The pulmonary system has two central functions that contribute to maintaining energy and metabolism: taking up oxygen, critical for energy generation, and getting rid of the waste products of respiration that can impair metabolism if allowed to accumulate. A decline in pulmonary function could therefore contribute to exhaustion and slowing mobility, key components of physical frailty (Singer et al., 2016). Aging results in a steady decline of lung function after the age of 35 (Zeleznik, 2003), through loss of lung elasticity and decreased surface area for alveolar gas exchange, along with weakened muscles of respiration. Peak lung function, exposures to toxins such as cigarette smoke, and aging related changes in the immune system all play a role in the development of pulmonary impairment in later life.
The relationship between frailty and lung function appears to go in both directions. In the Cardiovascular Heath Study, pre-frail and frail participants had 42% increased likelihood of developing respiratory impairment compared to non-frail participants over 12 years of follow up, while those with lung disease but not frailty at baseline had a 58% increase in the likelihood of becoming pre-frail or frail during follow up (Vaz Fragoso et al., 2012).
Impact of Pulmonary Impairment on Frailty
Chronic obstructive lung disease (COPD) has been associated with a 10.2% prevalence of physical frailty compared to 3.4% over all in one community-based study of 2,146 older adults, with greater risk among those with more frequent exacerbations (Lahousse et al., 2016).

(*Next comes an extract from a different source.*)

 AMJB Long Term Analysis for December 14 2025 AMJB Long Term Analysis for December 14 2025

Furthermore, while COPD alone did not increase mortality risk, frail patients with COPD were at almost 3-fold increased risk of death during follow up.

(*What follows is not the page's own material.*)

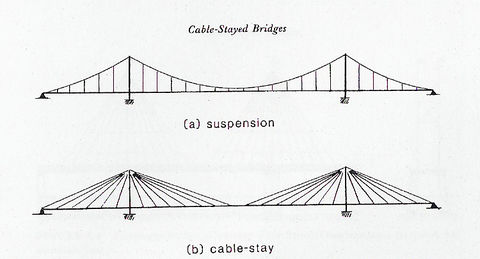 Comportamiento de puentes disipación de energía adicional: un estado del conocimiento - Valdebenito Aparicio 2005a - Scipedia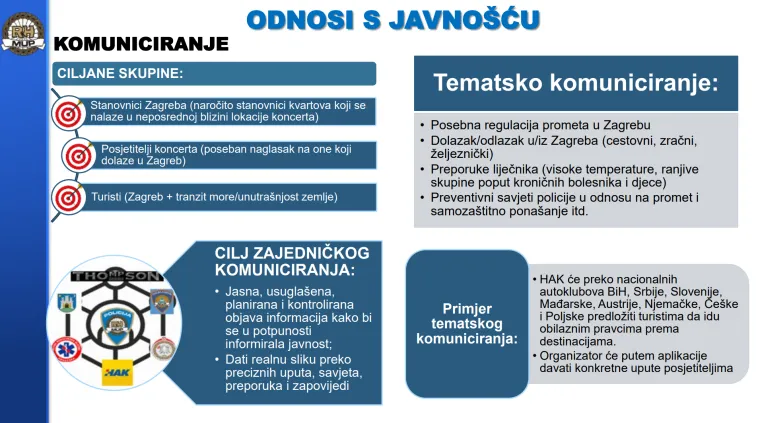 Ovo su sve najvažnije upute! Provjerite gdje će biti evakuacijski koridori, gdje se okupiti prije koncerta...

Impact of Frailty on Pulmonary Function
Lungs have a tremendous surface area–the greatest surface area of any organ–all of which is at constant risk of exposure to microbes inhaled from ambient air or aspirated (drawn into the lungs from the mouth) from the gastrointestinal system (Green & Pinkerton, 2004). With this constant connectivity of the lungs to the environment, robust immunological responses are a key defense. At the same time, chronic inflammation has been associated with frailty and declining lung function. For example, in a study of lung transplant candidates, frailty was associated with higher levels of IL-6 and TNFR1 as well as clinical deterioration and mortality (Singer et al., 2015). Thus age-associated attenuation of immune defenses in the lung could contribute to the acceleration of frailty by rendering the lungs of older adults more susceptible to infections.

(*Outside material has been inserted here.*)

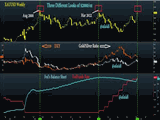 3 Faces of $2000 Gold Chart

Gas exchange also depends on an adequate volume of breath. The strength of the inter-costal muscles that allow one to fully inflate the lungs could also be impacted by the loss of muscle mass associated with frailty. In those awaiting lung transplant, cachexia and lower IGF-1 levels were both associated with frailty (Singer et al., 2015). Thus, declining physical strength is another possible mechanism by which frailty and pulmonary function interact to accelerate functional declines.
Applying Knowledge of Frailty to Pulmonary Status
Aging, even in the absence of lung-specific disease, results in declines in respiratory reserve, which is manifest as decreases in stamina and may contribute to other components of frailty such as slower walking speed. These changes appear to exacerbate the declines in function among those with lung disease such as COPD, while underlying lung disease may lower the threshold for becoming physically frail. Therefore, clinical strategies to help maintain lung-function during aging would benefit all older adults at risk of frailty as well as those with lung disease. Additional research is needed to provide insight into the factors and mechanisms responsible for reduced reserve such as the immune system and immune response of the lungs. Such research should aim to understand whether any of these factors might be not only preventable, such as limiting smoke exposure, but actually reversible.